Diungkapkannya, pelaksanaan program beasiswa telah diatur di dalam Peraturan Menteri Pendidikan, Kebudayaan, Riset, dan Teknologi Nomor 70 Tahun 2024. Sehingga pelaksanaan program harus dijalan secara regulasi. Adapun untuk beasiswa KIP, meski pemerintah telah Penyaluran dana program KIP Kuliah pada PTKIN dilakukan oleh satker masing-masing, namun demikian pelaksanaannya penjaringan harus dilaksanakan sesuai regulasi.
"Kemudian jika adanya lembaga pendidikan, sekolah atau pun perguruan tinggi yang melakukan katakanlah penyalahgunaan pada beasiswa, ini bisa saja berpotensi sebagai pelanggaran hukum, tapi ini lebih ke ranah Alat Perangkat Hukum (APH).
Dan secara administrasi, ini juga melanggar karena beasiswa ini program pemerintah, sehingga pelaksanaan program pemerintah tidak boleh dilaksanakan tidak sesuai dengan prosedur," tukasnya.

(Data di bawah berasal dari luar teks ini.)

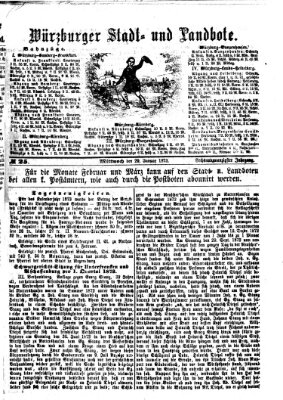 Würzburger Stadt- und Landbote Mittwoch 29. Januar 1873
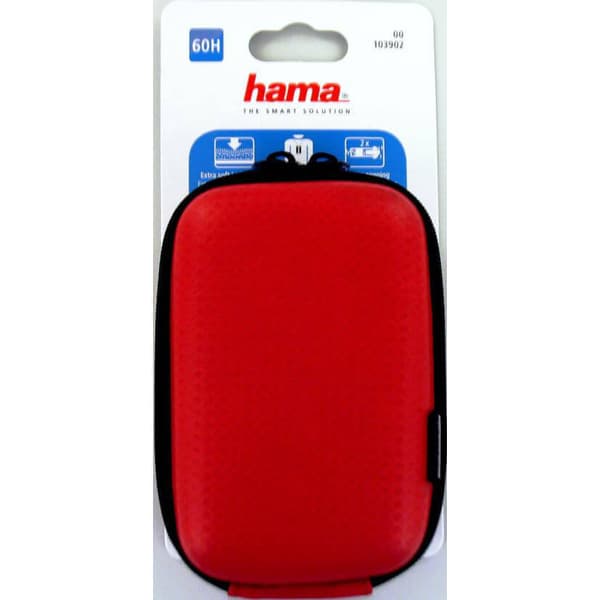 Kompaktväska Hardcase 60H Carbon Style Röd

"Secara teknis kami belum mendalami juknis dari pengeluaran beasiswa KIP, tapi kalau melihat poin juknisnya dari luar alurnya sudah seperti yang salah jelaskan. Hanya saja, mungkin di dalam juknisnya secara detail ada hal-hal yang menolerir penyaluran dengan mekanisme tertentu. Tapi kami belum dapat memastikan poin tentu ada atau tidak karena kami belum mempelajari juknisnya secara mendalam," urainya.

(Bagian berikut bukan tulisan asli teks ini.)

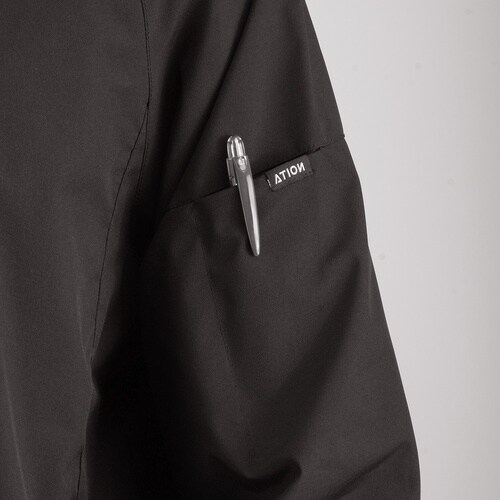 カジメイク 8350 防風ストレッチピステ ブラッ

Saat ditanyakan apakah program beasiswa KIP lazim digunakan untuk promosi. Ia menegaskan sejauh ini pihaknya belum pernah menggunakan program beasiswa KIP pemerintah sebagai promosi. mengingat kata dia, setiap sekolah memiliki kuota yang telah disalurkan secara adil untuk mendapatkan beasiswa KIP.
"Nah terkait apakah beasiswa dapat digunakan lembaga pendidikan untuk melakukan promosi, saya kira sejauh ini belum ada lembaga pendidikan yang melakukan itu. Sependek pengetahuan kami, secara umum lembaga pendidikan melakukan promosi dengan memperkenalkan fasilitas di lembaga tersebut seperti sarpras belajar dan olahraga, program sekolah seperti eskul, prestasi sekolah, misalnya ada diskon biaya pendidikannya, testimoni alumni, keunggulan sekolahnya dan lainnya," terangnya.

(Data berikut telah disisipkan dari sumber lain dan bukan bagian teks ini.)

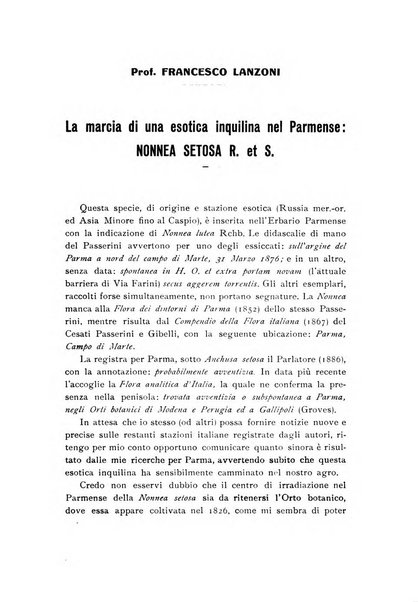 Archivio botanico pubblicato da Augusto Béguinot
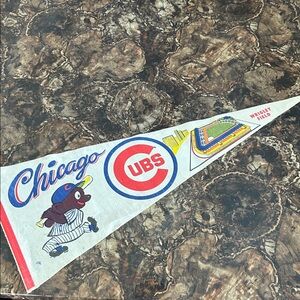 Vintage Chicago Cubs Wrigley Field Pennant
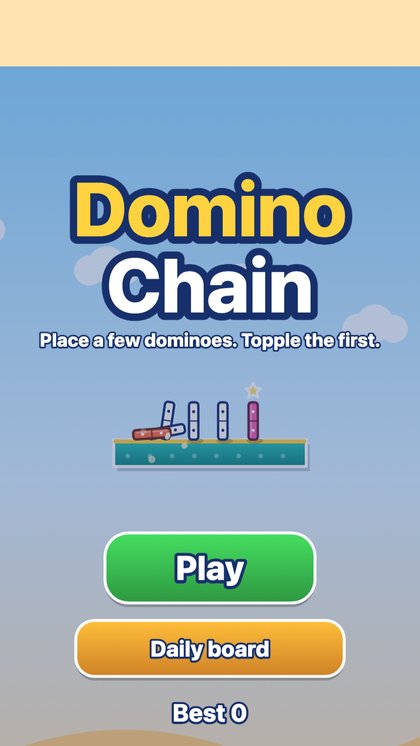 Domino Chain game
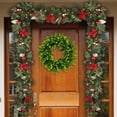 thumbnail image 3 of 17 Inch Spring/Summer Wreath for Front Door, Fake Wreath with Colorful Small Flower Artificial Flowers,Flowers Decorations for Home Office Store Door Wall, 3 of 5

"Beasiswa ini kan program nasional dan setiap tahun terdapat kuota tentu yang disalurkan ke daerah melalui berbagai jalur birokrasi. Nah, saya meyakini lembaga pendidikan sudah mengetahui ini dan tentunya ini tidak etis menjadi promosi. Karena kenapa, program ini menyentuh semua lembaga pendidikan sehingga untuk mendapatkan beasiswa tidak perlu untuk masuk ke lembaga pendidikan tertentu," ucapnya.
"Terus terang selama ini kami belum pernah mendengar adanya polemik terkait penyaluran beasiswa KIP di lembaga pendidikan mana pun. Kecuali penyalugunaan Bantuan Operasional Sekolah (BOS) dan itu terjadi beberapa tahun lalu," pungkasnya. (zac).